Forge me anew.

Sometimes in the space of my ribs or the span of my arms, I’m still three. I’m sitting on my grandfather’s lap, and he’s feeding me sips of his beer from his bottle cap. My grandfather’s hair is black and shiny and smells of V05 hot oil, and I’m the most important person in the world until my mother comes and takes the bottle cap away.

Sometimes in the space of my ribs or the span of my arms, I’m still five. The boy across the street comes over, and we swing on the swing set in my backyard. I’m swinging higher and higher and he twists and he twists his swing around until he sets himself free, and I see the trainwreck in the width of a second. He hits me hard as I fly high, setting out into the ether with no one to bring me home except the solid weight of gravity and the sick thud of my body against ground. My father shuffles him out to the tune of my wailings. I never want to see that awful boy again, and my father pats him lightly on the shoulder, knowingly nods, and in a quick glance, offers a lifetime of sympathy, knowing himself the shrill sound of the girl you hold in your heart.

Sometimes in the space of my ribs or the span of my arms, I sit shell shocked as my mother leaves us at the chicken sandwich place. My father and I gape, two fish at a table, the checkered tablecloth covering the nervous bounce of my knee. She’s never left me. She’s never walked away. And it’s only years later with a husband and child and two dogs that bark a nervous twitch in your eye that you understand the art of wanting to leave and the grace of coming right back.

Sometimes in the space of my ribs or the span of my arms, I’m a stupid teenager who did stupid things and loved a boy and lost all of it like the time I was three and I dropped the crystal bowl at Jones department store after my mother firmly told me not to touch. Everywhere there are shards of it, bits of story and one-liners, and lost smiles, sunflowers growing wild like weeds and every bit of happy I’m sure I’ll never have again.
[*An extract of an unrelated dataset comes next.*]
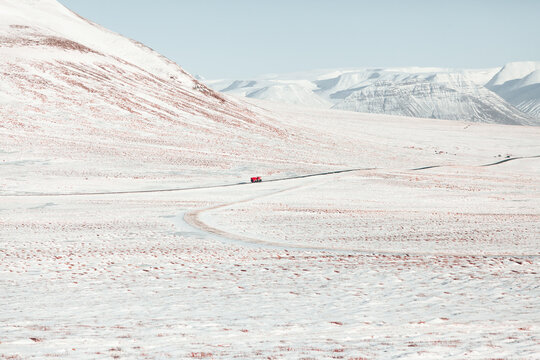 Red lorry in endless winter valley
Sometimes in the space of my ribs or the span of my arms, I’m a grown adult who spits in Your face. I do it like rhymed verse and broken characters and swooping storylines that lead to nowhere, and my hands are invisibly inked with the pain of wanting to lose yourself tub-deep but not even having the guts to start the faucet.

Sometimes in the space of my ribs or the span of my arms, I let go, my pride like broken diamonds crushing into the soles of my feet, and all I can see is the bright lights of the megachurch above my head, and that deep water, that filled tub, that turned faucet, and down I go, buried with You, until somebody’s strong arm brings me back, and I’m there again where I started, only it’s not the same place in the slightest.

And there You were, all in the thick of it, even when I couldn’t see You. I sometimes wonder, why didn’t You stop it? The hard parts, the pain, the constant whine in the back of my spine? That voice that licked at my ears and broke my heart? But then I know now, You were there, on Your knees, broken shards stabbing through the skin of Your palms, picking up my lost pieces, holding me close until it was time to forge me anew.